Leaving the Nest: The Rise of Regional Financial Arrangements and the Future of Global Governance

Kuala Lumpur, Malyasia. Photo by
Ainulhaqim Iman via Unsplash.

For decades, the International Monetary Fund (IMF) has been the subject of vigorous debate in the international political economy. Given the central role assigned to the IMF in managing and preventing crises, it is not surprising that many studies of the global governance of balance of payments have typically focused on the IMF and its relations with major shareholders and borrowers.

The rise of regional financial arrangements (RFAs) in diverse settings including Latin America, East Asia, the European Union, the Arab sphere, and now Brazil, Russia, India, China and South Africa (the BRICS countries), re-opens the question of what constitutes the global financial safety net (GFSN). These arrangements vary considerably in terms of size, scope, capabilities, internal governance and relationship with the IMF. Also, many are new and untested. All this has led to considerable confusion as to whether RFAs are ushering in a new global system, supplementing the existing system, or operating in an uneasy negotiating space that might introduce new uncertainties into the already tricky realm of managing currency crises.

A journal article by William N. Kring and William W. Grimes argues that both the bottom-up (country- or region- based intentions) and top-down (systemic) approaches to understanding RFAs are insufficient to understand their actual and potential impact on global economic governance and the global economy. The authors instead pursue a “middle-up” approach that focuses on the systemic effects of the institutional design of RFAs.
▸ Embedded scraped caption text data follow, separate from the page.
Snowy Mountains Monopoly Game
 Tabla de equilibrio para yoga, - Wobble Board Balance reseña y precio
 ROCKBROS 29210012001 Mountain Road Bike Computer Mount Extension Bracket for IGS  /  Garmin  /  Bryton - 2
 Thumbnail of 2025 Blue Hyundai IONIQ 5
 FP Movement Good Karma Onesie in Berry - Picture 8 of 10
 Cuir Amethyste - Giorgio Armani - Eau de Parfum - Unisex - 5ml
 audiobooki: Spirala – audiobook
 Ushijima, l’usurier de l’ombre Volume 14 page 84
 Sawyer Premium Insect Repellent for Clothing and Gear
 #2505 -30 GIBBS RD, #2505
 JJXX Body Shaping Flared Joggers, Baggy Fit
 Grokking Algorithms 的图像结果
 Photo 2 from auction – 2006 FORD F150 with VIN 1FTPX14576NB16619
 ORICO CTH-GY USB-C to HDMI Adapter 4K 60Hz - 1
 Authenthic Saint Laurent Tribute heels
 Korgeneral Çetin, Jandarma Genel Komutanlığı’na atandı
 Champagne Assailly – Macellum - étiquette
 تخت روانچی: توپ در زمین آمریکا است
The authors draw on the rational design of institutions’ framework to identify the internal characteristics of RFAs that are most relevant to their capabilities and capacities. They apply these insights to the interactions of RFAs with the IMF to create an analytical lens through which to assess the nature and sustainability of nested linkages. Through an analysis of the Chiang Mai Initiative Multilateralization (CMIM) and the Latin American Reserve Fund (FLAR), the article demonstrates the usefulness of this lens. The article considers three circumstances in which fault lines created by these RFAs’ institutional design could be activated, permitting an institution to “leave the nest,” including changing intentions of principals, creation of parallel capabilities and facilities and failure of the global regime to address regional needs in a crisis.

This study was published as part of a special issue of the journal of Development and Change edited by William N. Kring and Kevin P. Gallagher.